Google likes spam. Sounds surprising? Well, actually it does! Of all the spam that is generated, Google seems quite comfortable with 5% of the lot.
Now we all know that spam is bad, right? Wikipedia says, “In the last few years, and due to the advent of the Google AdSense Web advertising program, scraper sites have proliferated at an amazing rate for spamming search engines. Open content sites such as Wikipedia are a common source of material for scraper sites.”
It seems quite clear that scraping content is a type of spamming. Most people believe this, and Wikipedia confirms it. So even while Google wages war against 95% of the spam, why would it like even the remaining 5%?
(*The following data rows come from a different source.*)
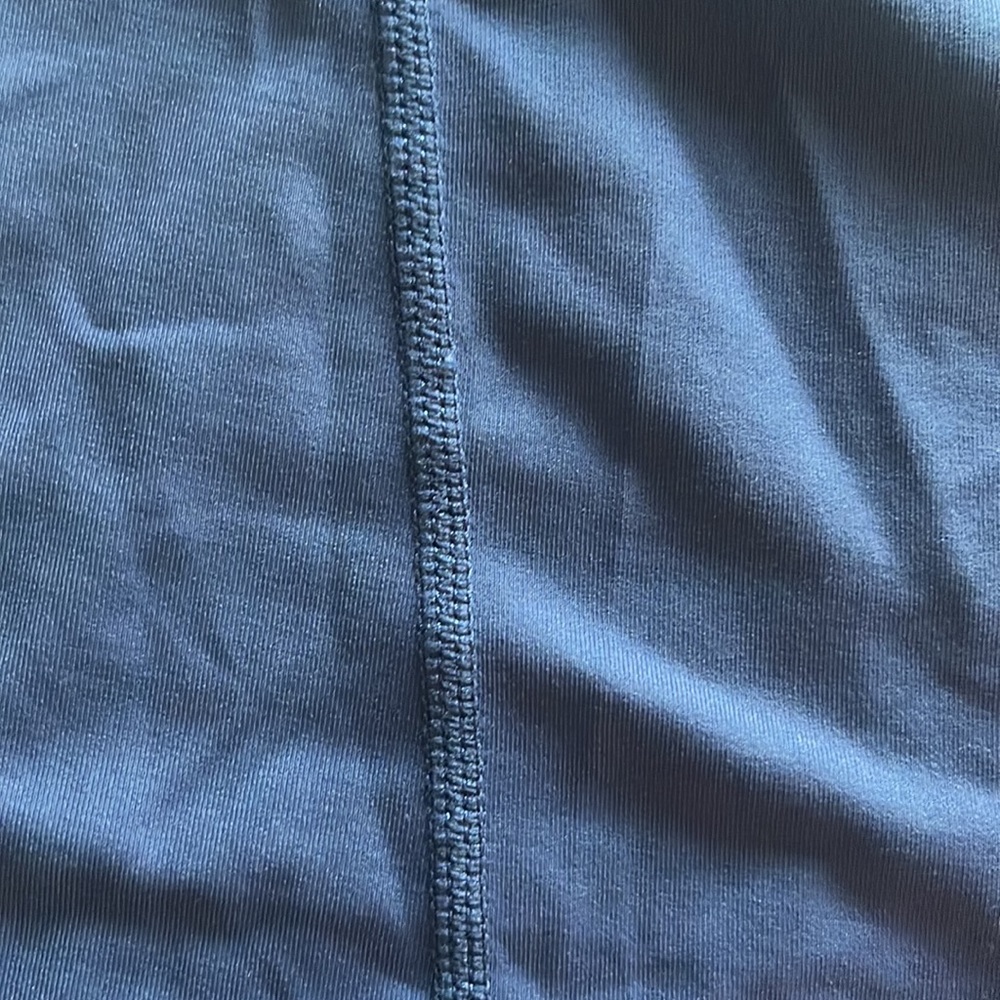 GAP Fit Tank Top - Picture 3 of 8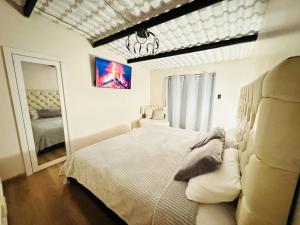 Postel nebo postele na pokoji v ubytování Bonanza House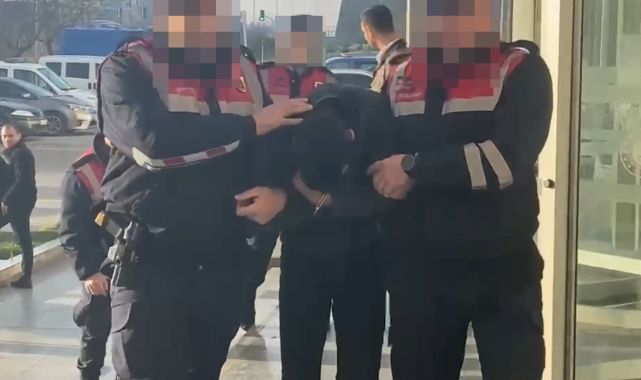 2 araçtan 8 tabanca çıktı: 3 gözaltı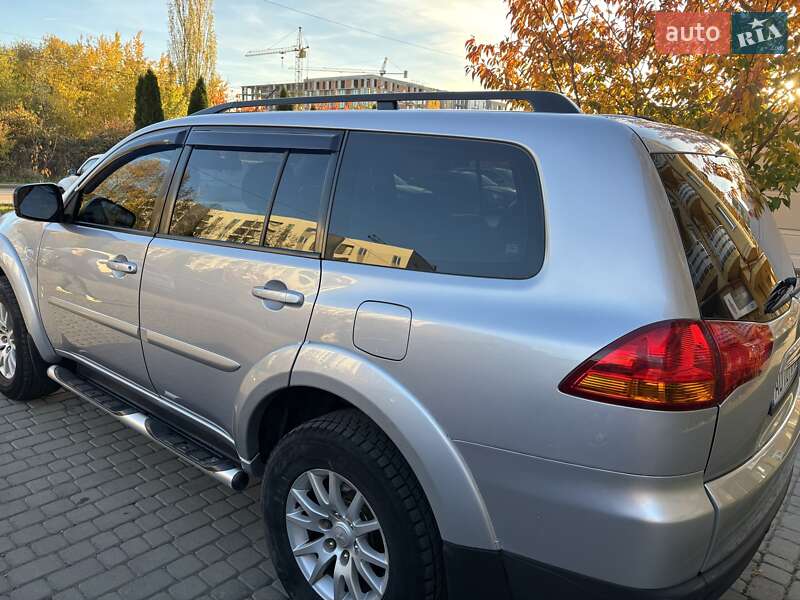 Внедорожник / Кроссовер Mitsubishi Pajero Sport 2010 в Ужгороде
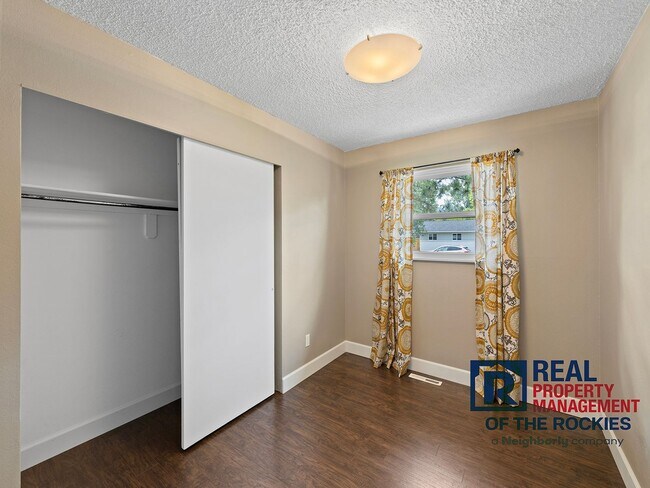 Building Photo - Charming 3-Bed, 1.5-Bath Home in Desirable West Fort Collins!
Reasons Why Google Likes Spam
When you look closely, you’ll find that there are actually two different types of spam:
- The kind of spam that Google is unable to stop
- The kind of spam that Google is able to stop but doesn’t
It’s a well-known fact that Google does not index the entire Web. That leads to some interesting search results. Just take a look at these:
Wait a minute! What do we see here?
These sites are all obviously scraper sites, yet Google has decided to let them be in its search results. Has Google forgotten to block out the spam?
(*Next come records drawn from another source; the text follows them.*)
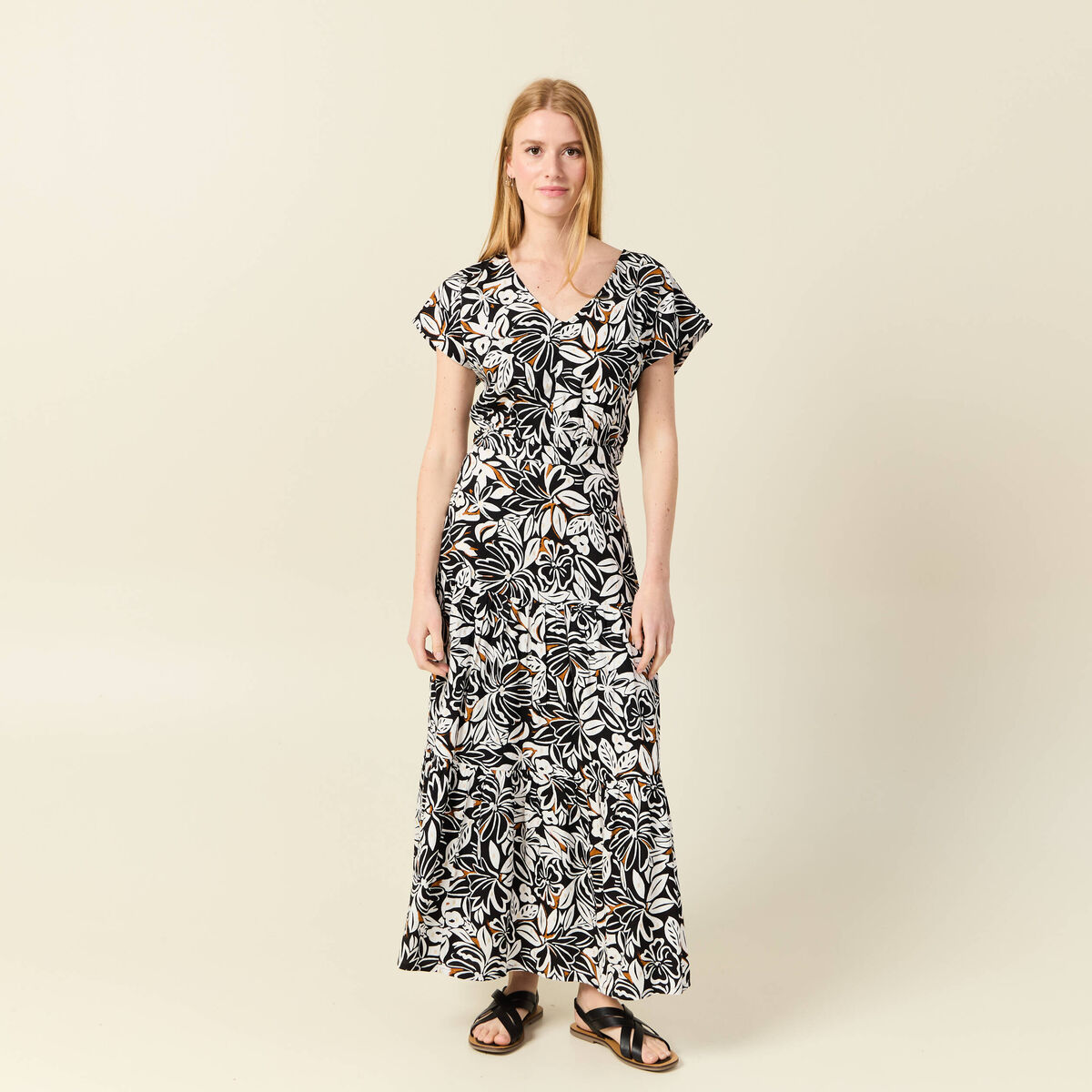 Robe longue évasée dos ouvert noir femme
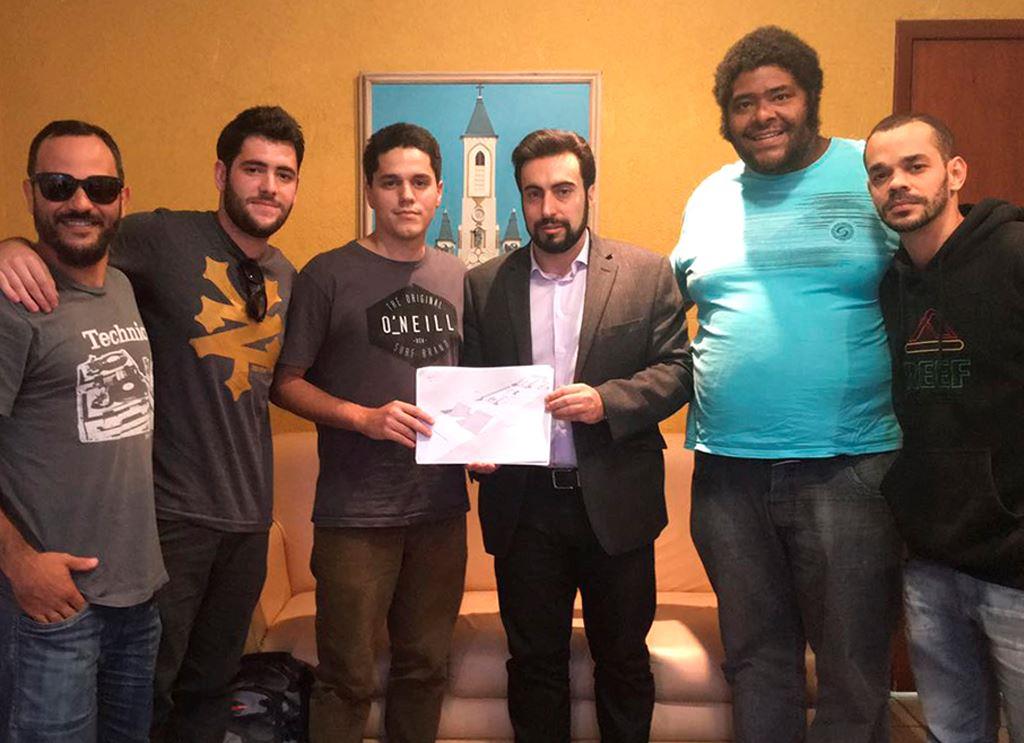 Vereador participa de entrega do projeto para pista de skate em Viçosa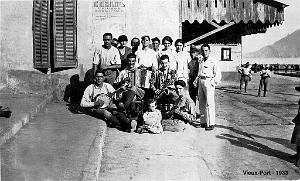 X ARCHIVE COUSINS MERS EL KEBIR MUSIQUE AU VIEUX PORT 1933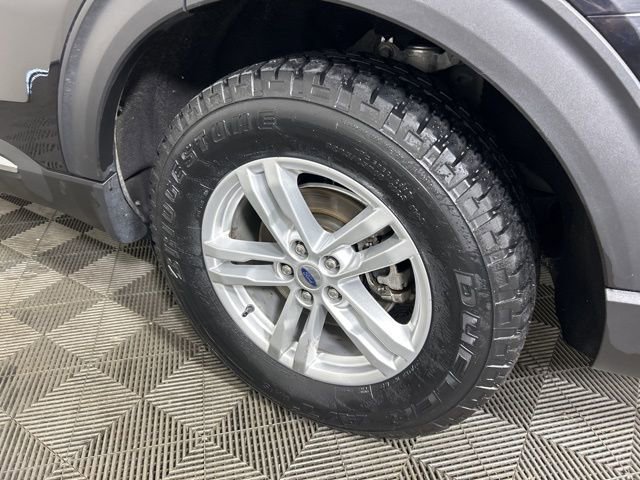 Certified 2020 Ford Explorer XLT w/ Equipment Group 202A AWD/4WD image 8
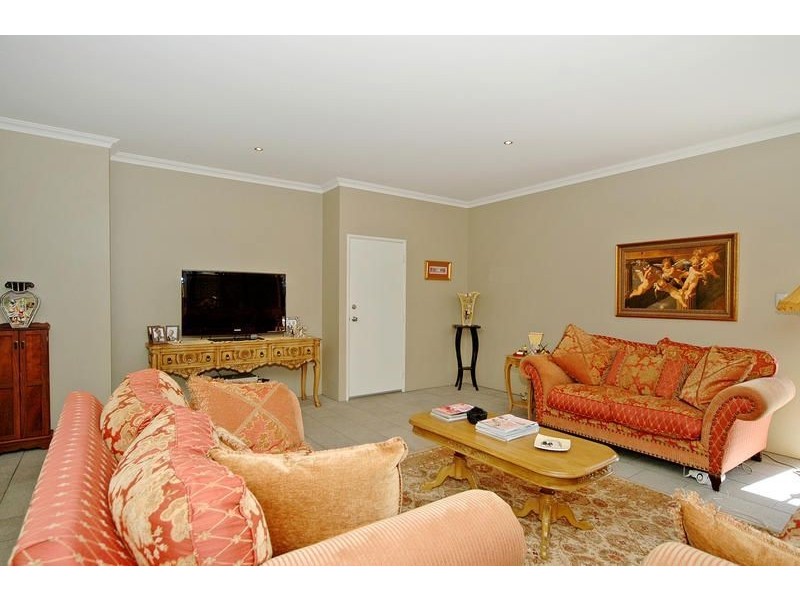 9 Dumaresq Loop, Quinns Rocks WA 6030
Let’s get in some background information here. Google would like to maintain its position as the No. 1 search engine in the world; so it ruthlessly pursues excellence in search. But Google doesn’t index the entire Web.
One of the reasons is that there are a number of bottom feeder websites that scrape absolute trash, and various free, unmonitored BBS sites that allow garbage on them. All of these are heavily penalized by Google rather than banned outright.
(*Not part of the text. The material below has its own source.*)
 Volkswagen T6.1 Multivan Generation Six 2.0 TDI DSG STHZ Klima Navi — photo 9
If you take a look at the screenshot above, you’ll notice that the words are all jumbled up—written one after the other without making much sense. Obviously, they have been scraped and placed automatically with Markov scripts or Mad Libs. In spite of that, Google has allowed these sites to come up in its search results.
There’s a very good reason for this :
- Google doesn’t have anything else to show for the particular search term that I have used. Sometimes it’s better to show pages that Google has indexed than nothing at all—a page that might have the answer, but is probably spam.
Had I been a Google engineer, I would have tried to make use of this opportunity. If users searched for any search phrase (or derivative) many times, Googlebots would index the relevant sites even if they were known to be spam sites. For example, the bots would only index the relevant content part of the pages. Why ban a whole site when you can just ban 99% or more of its content, and keep the parts you have no search results for?
We’ve seen that Google allows this bottom feeder spam to exist in its index, and it’s difficult to believe that the idea of partial indexing has not yet occurred to anyone in Google. I’d imagine a lot of webmasters are having an “Ah hah” moment right now, thinking of how to game the system using this method.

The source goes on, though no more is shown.